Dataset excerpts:
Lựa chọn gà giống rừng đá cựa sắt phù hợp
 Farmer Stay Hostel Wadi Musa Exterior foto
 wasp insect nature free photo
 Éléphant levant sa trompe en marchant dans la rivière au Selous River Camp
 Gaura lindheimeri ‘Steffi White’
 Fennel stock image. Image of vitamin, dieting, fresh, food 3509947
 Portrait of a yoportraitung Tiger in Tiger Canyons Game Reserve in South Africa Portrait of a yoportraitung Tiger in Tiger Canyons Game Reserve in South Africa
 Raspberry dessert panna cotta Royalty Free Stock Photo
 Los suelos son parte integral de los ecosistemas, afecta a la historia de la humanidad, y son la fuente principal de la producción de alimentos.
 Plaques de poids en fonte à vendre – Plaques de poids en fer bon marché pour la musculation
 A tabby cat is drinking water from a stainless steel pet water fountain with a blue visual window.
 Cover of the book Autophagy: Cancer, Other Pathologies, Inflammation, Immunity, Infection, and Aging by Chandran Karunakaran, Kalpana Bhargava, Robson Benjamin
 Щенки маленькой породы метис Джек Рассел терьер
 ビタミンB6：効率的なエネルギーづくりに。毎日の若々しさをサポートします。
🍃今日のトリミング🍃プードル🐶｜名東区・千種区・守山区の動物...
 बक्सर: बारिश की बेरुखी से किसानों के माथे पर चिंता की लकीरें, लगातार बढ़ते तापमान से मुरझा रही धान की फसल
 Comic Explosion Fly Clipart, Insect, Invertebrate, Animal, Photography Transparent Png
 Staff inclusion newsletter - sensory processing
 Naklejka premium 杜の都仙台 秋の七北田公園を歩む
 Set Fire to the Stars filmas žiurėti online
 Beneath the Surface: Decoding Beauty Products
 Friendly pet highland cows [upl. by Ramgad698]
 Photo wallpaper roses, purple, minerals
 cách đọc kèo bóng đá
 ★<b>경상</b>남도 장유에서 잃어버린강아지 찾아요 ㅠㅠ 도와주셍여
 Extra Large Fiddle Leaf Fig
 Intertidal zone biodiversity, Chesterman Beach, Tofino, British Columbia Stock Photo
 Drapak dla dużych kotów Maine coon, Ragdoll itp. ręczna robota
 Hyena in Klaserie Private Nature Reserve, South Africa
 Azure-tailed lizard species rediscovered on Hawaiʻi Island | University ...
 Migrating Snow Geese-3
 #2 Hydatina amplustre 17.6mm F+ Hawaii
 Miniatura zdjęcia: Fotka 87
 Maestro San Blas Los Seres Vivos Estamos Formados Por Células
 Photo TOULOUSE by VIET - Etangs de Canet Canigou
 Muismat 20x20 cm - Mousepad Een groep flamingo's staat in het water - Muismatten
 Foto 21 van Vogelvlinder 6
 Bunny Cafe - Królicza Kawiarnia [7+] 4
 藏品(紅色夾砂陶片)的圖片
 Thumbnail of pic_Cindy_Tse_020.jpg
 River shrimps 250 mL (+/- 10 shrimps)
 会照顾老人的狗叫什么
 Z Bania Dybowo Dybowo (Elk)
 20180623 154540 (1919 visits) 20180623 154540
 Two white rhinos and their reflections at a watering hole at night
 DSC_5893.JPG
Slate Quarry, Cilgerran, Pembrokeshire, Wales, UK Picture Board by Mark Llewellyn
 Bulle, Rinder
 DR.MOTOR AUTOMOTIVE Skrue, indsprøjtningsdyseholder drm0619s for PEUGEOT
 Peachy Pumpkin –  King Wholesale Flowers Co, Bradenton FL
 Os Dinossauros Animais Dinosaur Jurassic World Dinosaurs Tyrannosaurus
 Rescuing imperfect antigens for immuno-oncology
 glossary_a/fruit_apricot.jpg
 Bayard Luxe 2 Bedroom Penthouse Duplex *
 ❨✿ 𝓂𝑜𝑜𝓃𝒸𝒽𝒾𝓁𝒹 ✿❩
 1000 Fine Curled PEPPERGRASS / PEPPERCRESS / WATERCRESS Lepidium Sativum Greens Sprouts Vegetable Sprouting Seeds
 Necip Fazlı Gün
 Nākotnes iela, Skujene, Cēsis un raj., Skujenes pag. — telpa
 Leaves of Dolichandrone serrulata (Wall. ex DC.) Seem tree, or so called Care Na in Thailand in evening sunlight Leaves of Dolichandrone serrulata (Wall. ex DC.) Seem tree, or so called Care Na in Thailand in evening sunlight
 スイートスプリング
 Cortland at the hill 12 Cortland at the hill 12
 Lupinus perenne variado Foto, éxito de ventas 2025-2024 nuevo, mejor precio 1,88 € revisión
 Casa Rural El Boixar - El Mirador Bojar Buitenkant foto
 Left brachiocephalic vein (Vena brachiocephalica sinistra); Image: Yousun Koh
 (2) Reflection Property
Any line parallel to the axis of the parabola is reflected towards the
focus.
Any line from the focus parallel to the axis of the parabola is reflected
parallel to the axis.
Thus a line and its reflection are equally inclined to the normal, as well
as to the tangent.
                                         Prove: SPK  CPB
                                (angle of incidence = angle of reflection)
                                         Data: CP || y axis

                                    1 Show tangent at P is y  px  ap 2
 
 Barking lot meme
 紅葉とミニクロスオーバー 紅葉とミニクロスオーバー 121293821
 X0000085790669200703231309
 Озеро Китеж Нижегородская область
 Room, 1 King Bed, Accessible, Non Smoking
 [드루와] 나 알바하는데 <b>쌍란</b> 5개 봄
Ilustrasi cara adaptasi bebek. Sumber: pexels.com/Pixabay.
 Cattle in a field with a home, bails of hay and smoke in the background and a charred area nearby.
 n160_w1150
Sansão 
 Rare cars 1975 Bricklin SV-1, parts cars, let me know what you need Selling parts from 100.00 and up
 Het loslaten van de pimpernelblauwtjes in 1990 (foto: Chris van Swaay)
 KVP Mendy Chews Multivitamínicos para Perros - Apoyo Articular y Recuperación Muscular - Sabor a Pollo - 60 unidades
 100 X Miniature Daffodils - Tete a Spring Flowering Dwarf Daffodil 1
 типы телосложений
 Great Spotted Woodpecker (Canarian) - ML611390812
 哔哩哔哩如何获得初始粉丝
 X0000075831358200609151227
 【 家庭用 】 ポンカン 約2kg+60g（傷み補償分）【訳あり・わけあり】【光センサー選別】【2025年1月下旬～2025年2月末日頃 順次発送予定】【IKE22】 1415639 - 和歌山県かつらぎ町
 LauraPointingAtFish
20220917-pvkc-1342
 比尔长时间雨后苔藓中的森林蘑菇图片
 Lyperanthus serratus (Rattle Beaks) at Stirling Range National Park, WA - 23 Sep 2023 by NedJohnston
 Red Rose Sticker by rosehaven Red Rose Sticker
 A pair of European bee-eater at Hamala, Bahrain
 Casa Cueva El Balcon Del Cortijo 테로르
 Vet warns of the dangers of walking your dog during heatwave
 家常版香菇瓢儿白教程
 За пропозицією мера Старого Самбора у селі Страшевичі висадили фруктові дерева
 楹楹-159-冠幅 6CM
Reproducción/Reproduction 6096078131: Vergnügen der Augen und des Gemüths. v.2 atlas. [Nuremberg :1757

### Exercise aim
Copy the records above faithfully. Begin at their first line, end at the line containing "Photo TOULOUSE by", and include nothing else.

### Solution for this problem
Lựa chọn gà giống rừng đá cựa sắt phù hợp
 Farmer Stay Hostel Wadi Musa Exterior foto
 wasp insect nature free photo
 Éléphant levant sa trompe en marchant dans la rivière au Selous River Camp
 Gaura lindheimeri ‘Steffi White’
 Fennel stock image. Image of vitamin, dieting, fresh, food 3509947
 Portrait of a yoportraitung Tiger in Tiger Canyons Game Reserve in South Africa Portrait of a yoportraitung Tiger in Tiger Canyons Game Reserve in South Africa
 Raspberry dessert panna cotta Royalty Free Stock Photo
 Los suelos son parte integral de los ecosistemas, afecta a la historia de la humanidad, y son la fuente principal de la producción de alimentos.
 Plaques de poids en fonte à vendre – Plaques de poids en fer bon marché pour la musculation
 A tabby cat is drinking water from a stainless steel pet water fountain with a blue visual window.
 Cover of the book Autophagy: Cancer, Other Pathologies, Inflammation, Immunity, Infection, and Aging by Chandran Karunakaran, Kalpana Bhargava, Robson Benjamin
 Щенки маленькой породы метис Джек Рассел терьер
 ビタミンB6：効率的なエネルギーづくりに。毎日の若々しさをサポートします。
🍃今日のトリミング🍃プードル🐶｜名東区・千種区・守山区の動物...
 बक्सर: बारिश की बेरुखी से किसानों के माथे पर चिंता की लकीरें, लगातार बढ़ते तापमान से मुरझा रही धान की फसल
 Comic Explosion Fly Clipart, Insect, Invertebrate, Animal, Photography Transparent Png
 Staff inclusion newsletter - sensory processing
 Naklejka premium 杜の都仙台 秋の七北田公園を歩む
 Set Fire to the Stars filmas žiurėti online
 Beneath the Surface: Decoding Beauty Products
 Friendly pet highland cows [upl. by Ramgad698]
 Photo wallpaper roses, purple, minerals
 cách đọc kèo bóng đá
 ★<b>경상</b>남도 장유에서 잃어버린강아지 찾아요 ㅠㅠ 도와주셍여
 Extra Large Fiddle Leaf Fig
 Intertidal zone biodiversity, Chesterman Beach, Tofino, British Columbia Stock Photo
 Drapak dla dużych kotów Maine coon, Ragdoll itp. ręczna robota
 Hyena in Klaserie Private Nature Reserve, South Africa
 Azure-tailed lizard species rediscovered on Hawaiʻi Island | University ...
 Migrating Snow Geese-3
 #2 Hydatina amplustre 17.6mm F+ Hawaii
 Miniatura zdjęcia: Fotka 87
 Maestro San Blas Los Seres Vivos Estamos Formados Por Células
 Photo TOULOUSE by VIET - Etangs de Canet Canigou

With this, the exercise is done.